I didn't say anything, but I knew what dating site it was as I saw the name. I wasn't sure what to do and I wanted proof that he was actually up to no good because it is hard just blaming him from just seeing the page.

I confided in a coworker at work one day when I just broke down in tears and my coworker asked me what was wrong. This coworker of mine is in a different department to me, but we get lunch every day together and my husband has never met her (although I have mentioned her name before). 

She has heard of the site I told her he was on before as she used to use it, and she told me that she thought I should make a fake profile and see how far my husband takes things. 

She actually ended up making a profile as I obviously couldn't put my own pictures up, and I doubted he would reply if I had no pictures. One evening her and I got together and tried to find his profile. I knew he was on there but didn't know his name or anything, but we finally found him. 

So for the past 6 weeks we have been going back and fourth messaging him ( I had a good feeling he would reply because my coworker is very attractive), and he has just been asking her about herself etc. She asked what he was looking for and he said he was looking for a relationship (and his profile states this also).

After about 2 weeks she asked for his number. He said he had experienced some crazy girls on the site and would rather talk longer before giving it out. After 3 weeks she asked to meet but he sort of just avoided the topic and said he wanted to chat more first before meeting.

So we are at 6 weeks now and he has been flirting with her and brought up some sexual stuff. She of course flirted back to see how far he would go. He asked if she would like to cam and have some fun. What do I do now? I am convinced he has done this with other girls too, but he hasn't actually seemed to take any steps in trying to meet my friend. 
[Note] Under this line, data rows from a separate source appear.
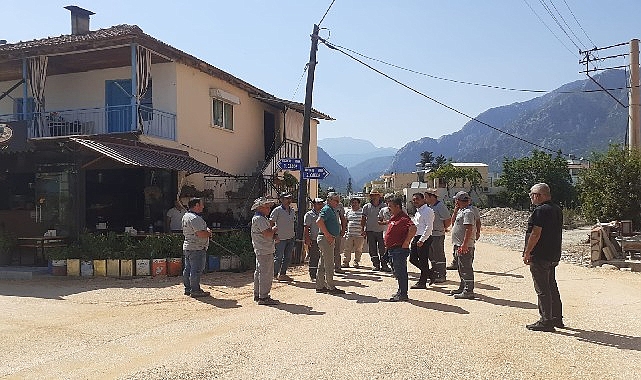 Başkan Topaloğlu Kuzdere’de devam eden çalışmaları inceledi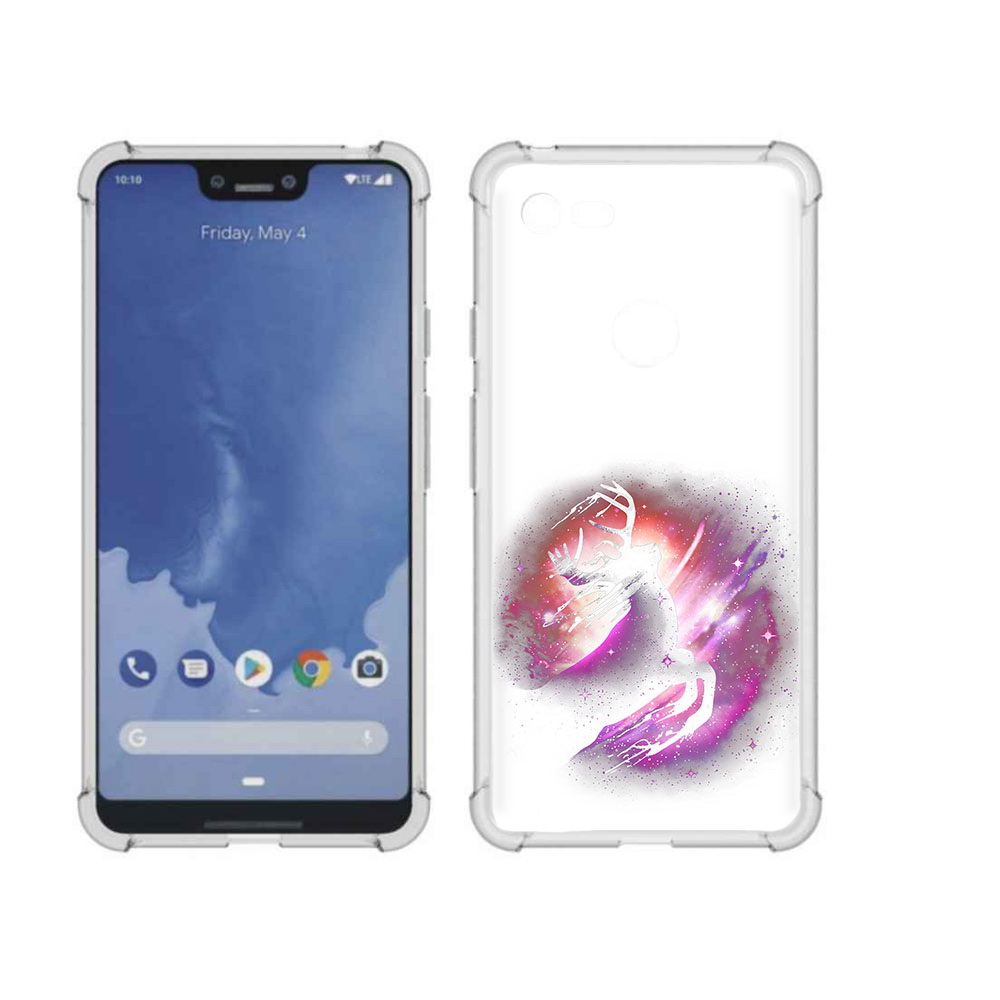 

Чехол MyPads Tocco для Google Pixel 3 XL звездный олень, Прозрачный, Tocco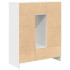 Aparador con cajones y puertas blanco 73x31x90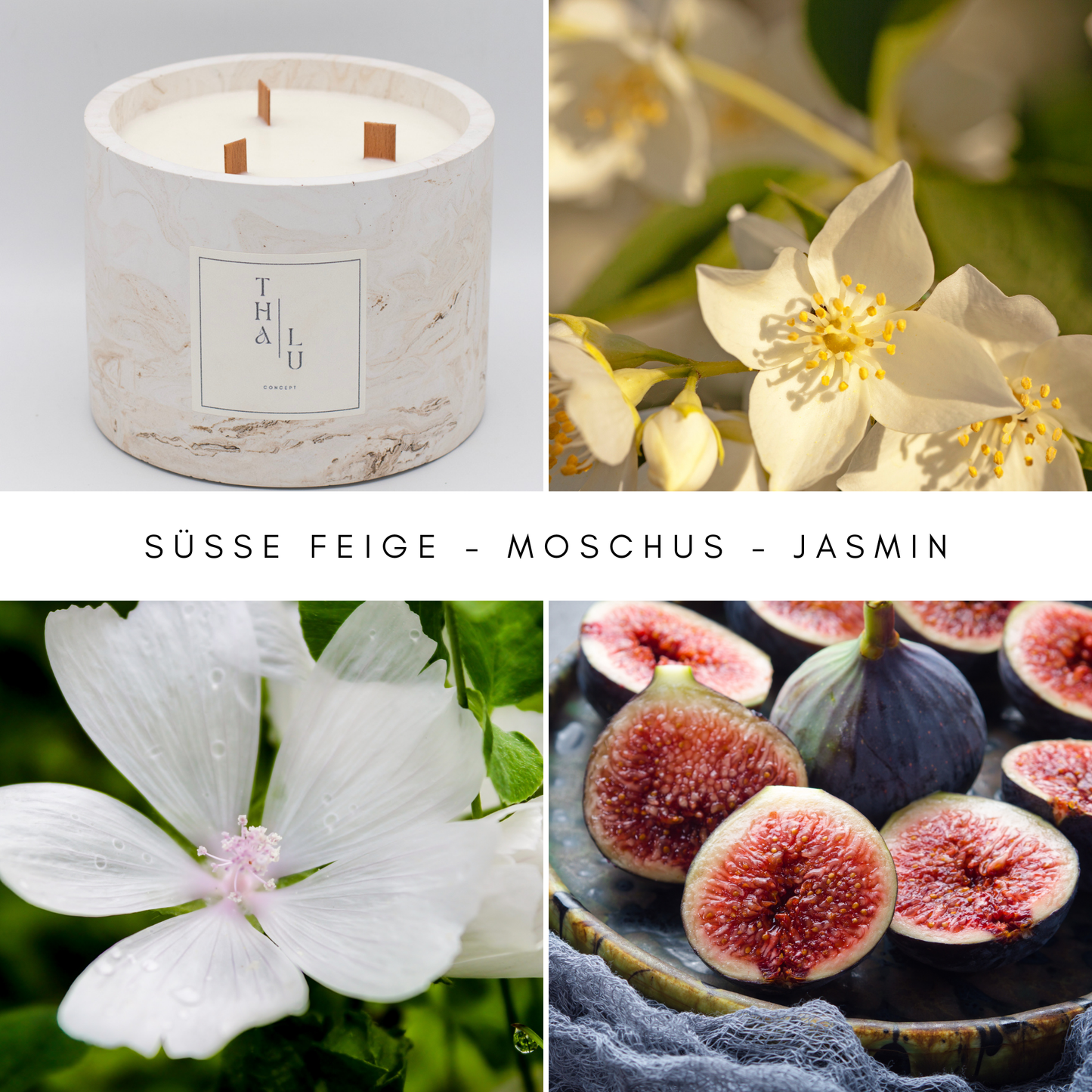 Signature Candle - Marble Beige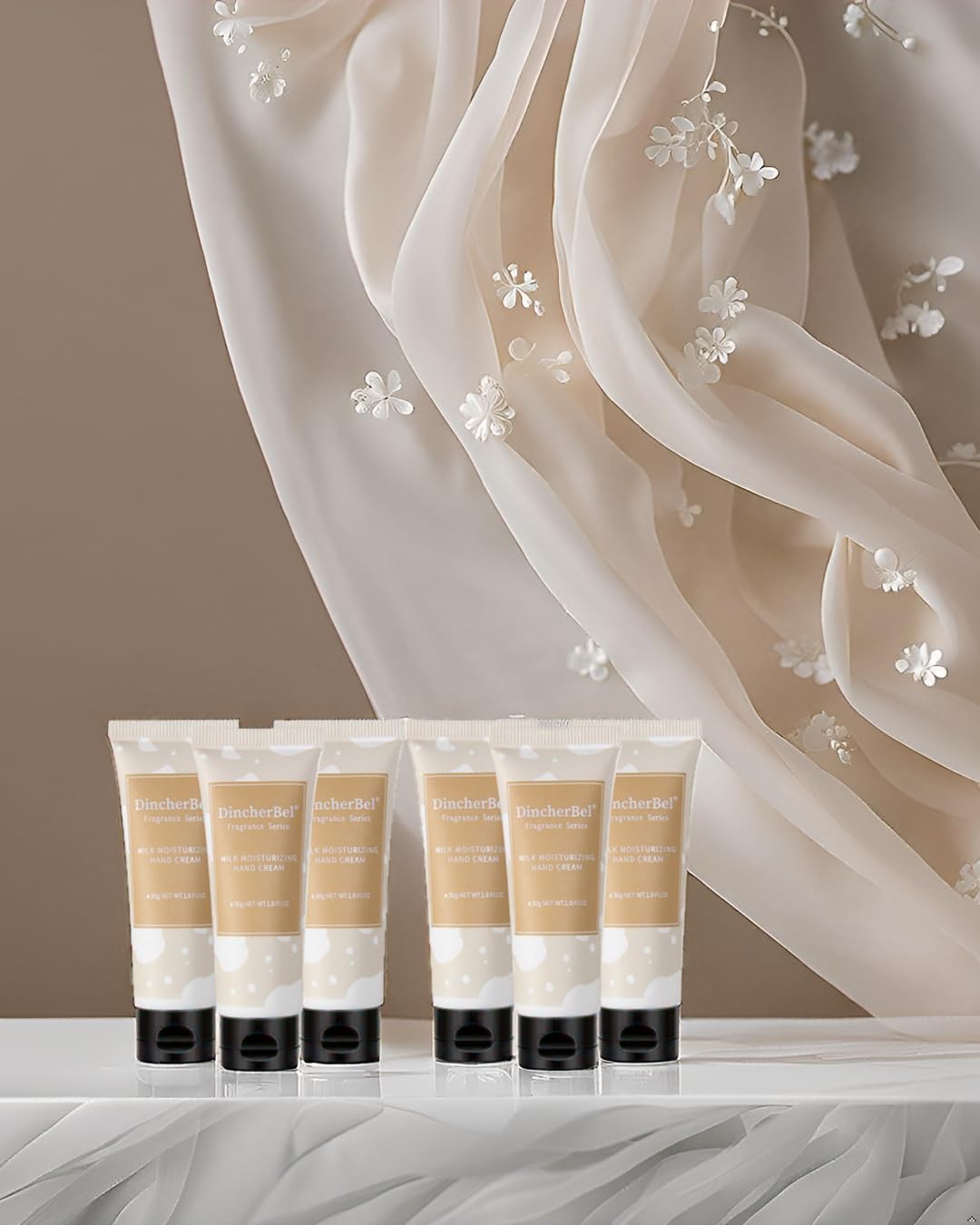 DincherBel 100 Pack Milk Moisturizing Hand Cream Set - Travel Size Non-Greasy Hand Lotion Set for Dry Skin, Instant Moisturizing Hand Cream for Women, 1.0 oz/30 ml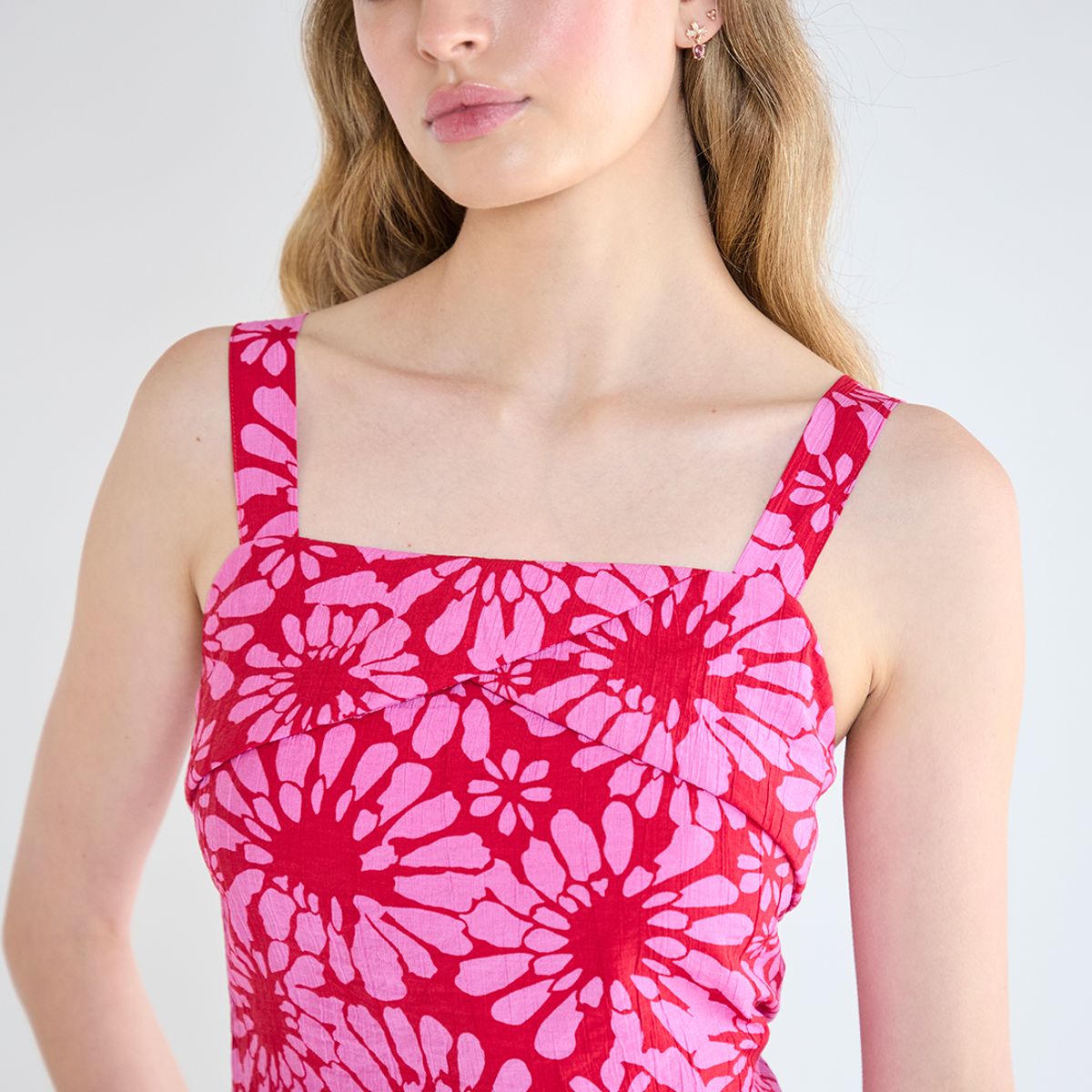 IO - Blusa Sin Mangas Rojo Mujer Io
I just don't know at this point whether to confront or not. I feel like he could just try and bs his way out of all of this if I mention it because nothing really has happened other than some flirty chat. We have been married for 4 years now and I am his second marriage. I just don't know what to do.


----------



## MrsAldi (Apr 15, 2016)

If this was my husband, he would be gone. 
I don't know if I could forgive. 
Is it cheating or messing around? 
The intention to cheat is there & if the right profile was there he could likely cheat. 
Plus the fact that he didn't tell your co-worker he was married. 
That's awful. 



Sent from my B1-730HD using Tapatalk


----------



## lj860 (May 22, 2016)

Do you think at this point that even matters? If he does now I don't know what to think. I don't know if we should continue messaging him.


----------



## MrsAldi (Apr 15, 2016)

Only you can ultimately decide if you want to be with him or not. 
Especially if kids involved. 
But he's being extremely disrespectful & dishonest. 
If you confront him, he will say he hasn't cheated because, he didn't meet or talk on phones. 
Being married & on a singles website is cheating. 
The intent is there. If it's innocent why would he hide it? 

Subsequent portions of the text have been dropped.